At the hospital where Lee works—Raymond G. Murphy Veterans Affairs Medical Center in Albuquerque—administrators realized the blistering parking spaces surrounding the hospital could serve a higher purpose. With funds from the American Recovery and Reinvestment Act, the VA installed solar arrays over three parking lots. The panels made shade for patients and staff while generating energy for the building. I like pointing out that staff in New Mexico hoisted their solar panels over VA parking lots long before the folks in California—it took three more years before California VA hospitals installed their arrays. The Albuquerque project cost $20 million for a 3.2 megawatt system, enough power to shoulder 20 percent of the hospital’s energy load from just three parking lots. The sun helps run lights, computers, air-conditioning, and life-saving machines.
My husband is not quite the liberal I am, but the VA solar project impressed him. He reminded me, however, that the project worked backwards. It reaped benefits from a renewable, domestic energy source at a hospital treating soldiers who had already put their lives on the line for foreign fossil fuels.

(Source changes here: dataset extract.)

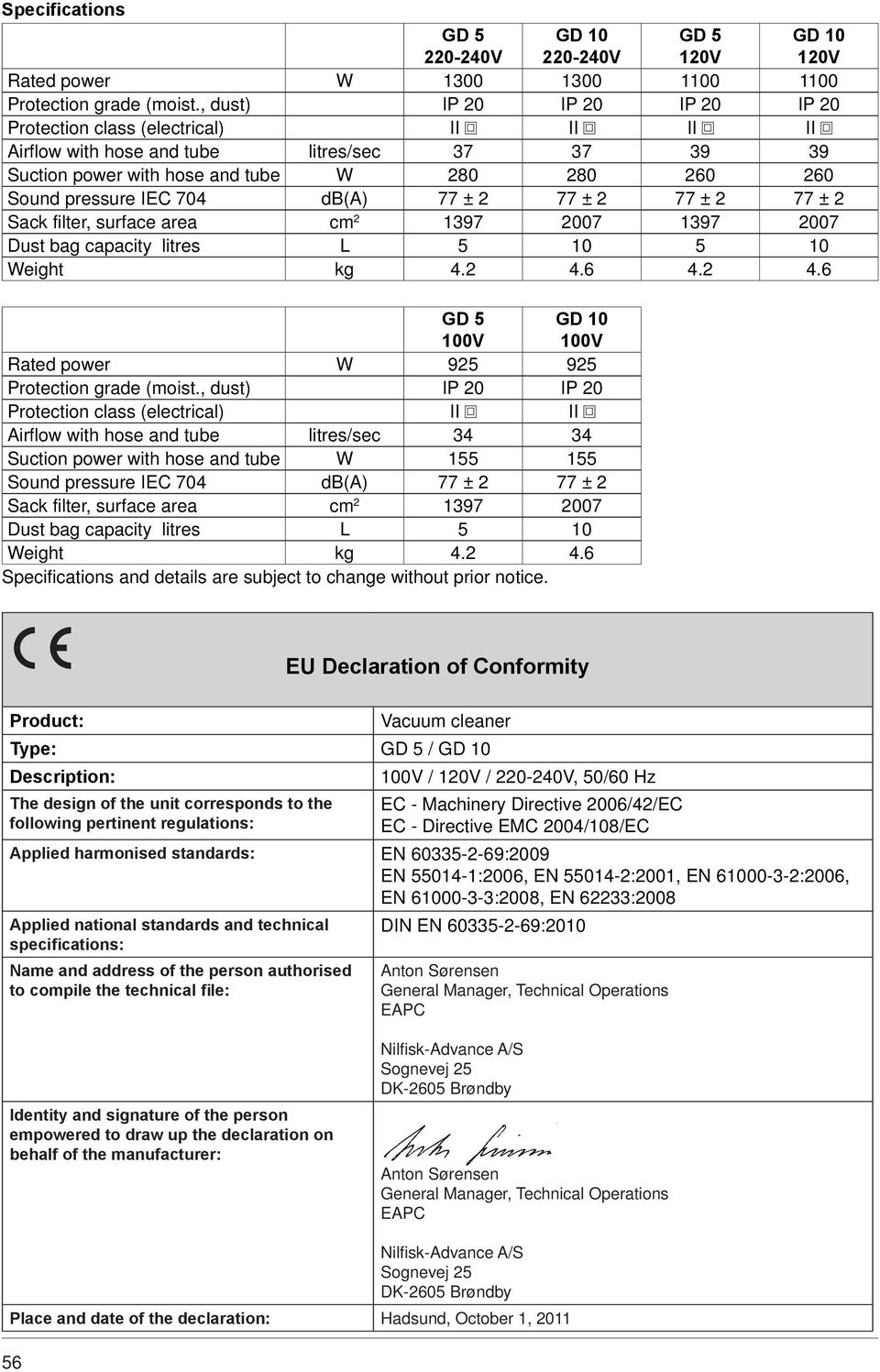 db(a) 77 ± 2 77 ± 2 77 ± 2 77 ± 2 Sack filter, surface area cm 2 1397 2007 1397 2007 Dust bag capacity litres L 5 10 5 10 Weight kg 4.2 4.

While many of the aging patients Lee treats at the VA served in Vietnam and Korea, younger veterans served in the Gulf Wars. They bear the visible damage of modern warfare. Veterans of conflicts in the Middle East are missing arms and legs because Kevlar body armor protected their hearts and guts from explosions, but their hands and feet got blown away. These men and women gave their blood and body parts for oil, for energy, for our convenience. Now, when they visit the VA for treatment, they can park their cars in the shade of solar panels that served them too late.